→ **Exercise**:
Set down only these lines, exactly: the line containing "product_image_name-White Label-Toilet Rack" and all lines through the end of the data below. Omit pictures.

→ **Dataset content**:
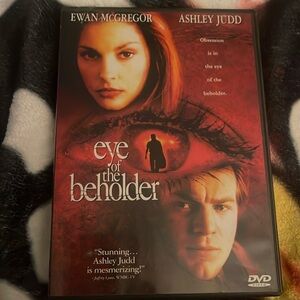 Eye of the Beholder dvd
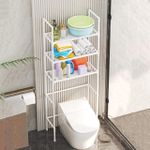 product_image_name-White Label-Toilet Rack - White-2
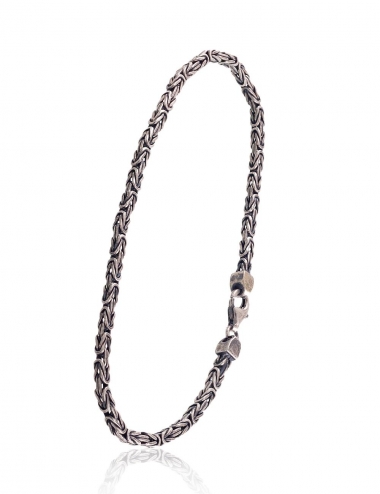 Silver bracelet. Photo Nr. 1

→ **Exercise output**:
 product_image_name-White Label-Toilet Rack - White-2
 Silver bracelet. Photo Nr. 1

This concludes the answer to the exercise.